- _WHAT YOU ARE ASKED TO DO_: When you reproduce the data, keep every word exactly as it stands and leave the pictures out.

- _RECORDED DATA_:
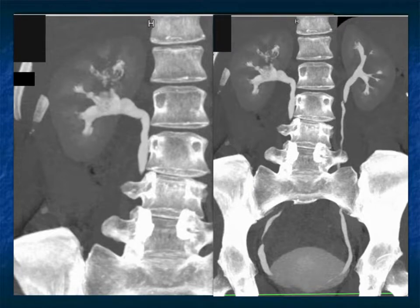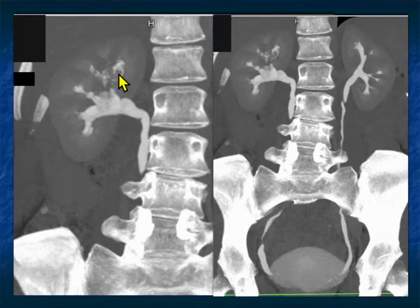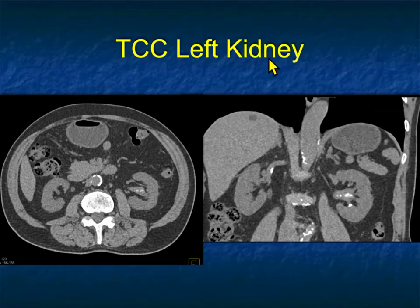On volume rendering and MIP, you can see the pelvis destruction, the calyceal abnormality, and all the extent of involvement very nicely and impressively defined. This is transitional cell carcinoma.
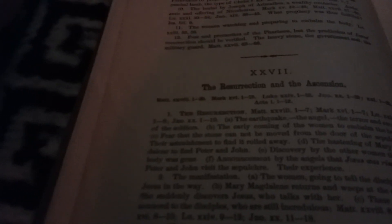John 19:38-42, what prophecy was thus fulfilled? Isaiah 53:9, the women watching and preparing to embalm the body, Luke 23:55-56.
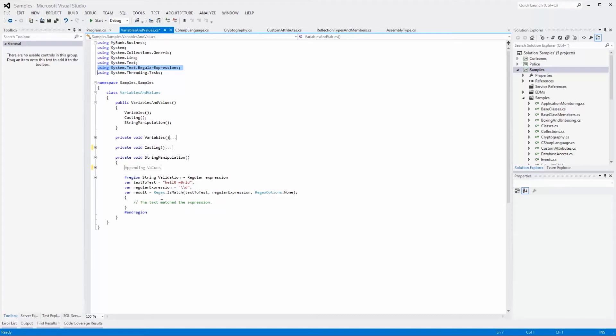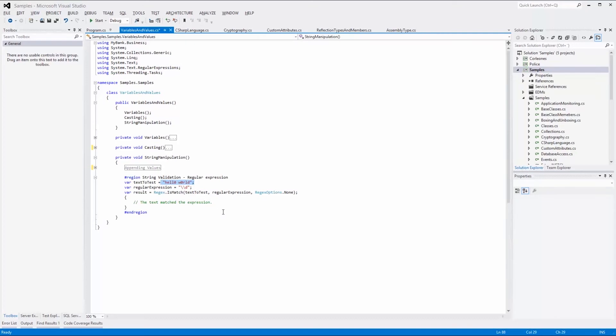To find out if a regular expression is met, you use the isMatch method of the regex class and pass in the string that you want to test. In our example, it's hello world, somewhat strangely formatted. Then we pass in the regular expression that in our example is searching for numerical characters.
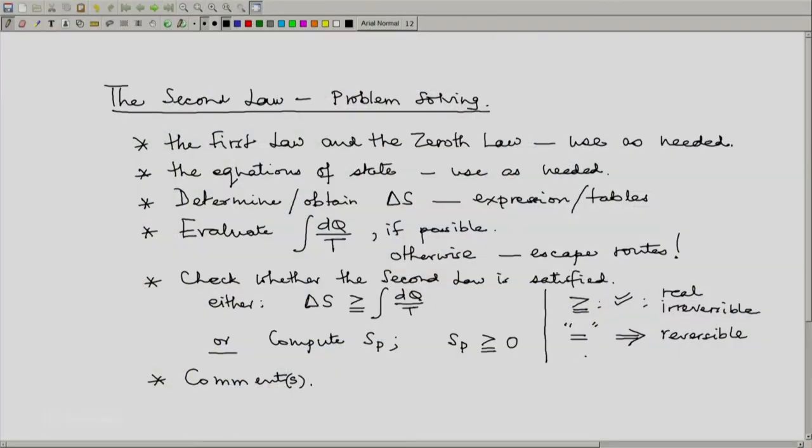A reversible process is a thermodynamic ideal — in real life, we hardly ever see any reversible process taking place. And if the second law is not satisfied but is satisfied the other way, we will say that this is an impossible process. We should then say what is making it impossible, and if something could be done to make it irreversible and possible, we should be able to provide hints or suggestions for that. Thank you.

- _SOLUTION TO THIS TASK_:
On volume rendering and MIP, you can see the pelvis destruction, the calyceal abnormality, and all the extent of involvement very nicely and impressively defined. This is transitional cell carcinoma.
John 19:38-42, what prophecy was thus fulfilled? Isaiah 53:9, the women watching and preparing to embalm the body, Luke 23:55-56.
To find out if a regular expression is met, you use the isMatch method of the regex class and pass in the string that you want to test. In our example, it's hello world, somewhat strangely formatted. Then we pass in the regular expression that in our example is searching for numerical characters.
A reversible process is a thermodynamic ideal — in real life, we hardly ever see any reversible process taking place. And if the second law is not satisfied but is satisfied the other way, we will say that this is an impossible process. We should then say what is making it impossible, and if something could be done to make it irreversible and possible, we should be able to provide hints or suggestions for that. Thank you.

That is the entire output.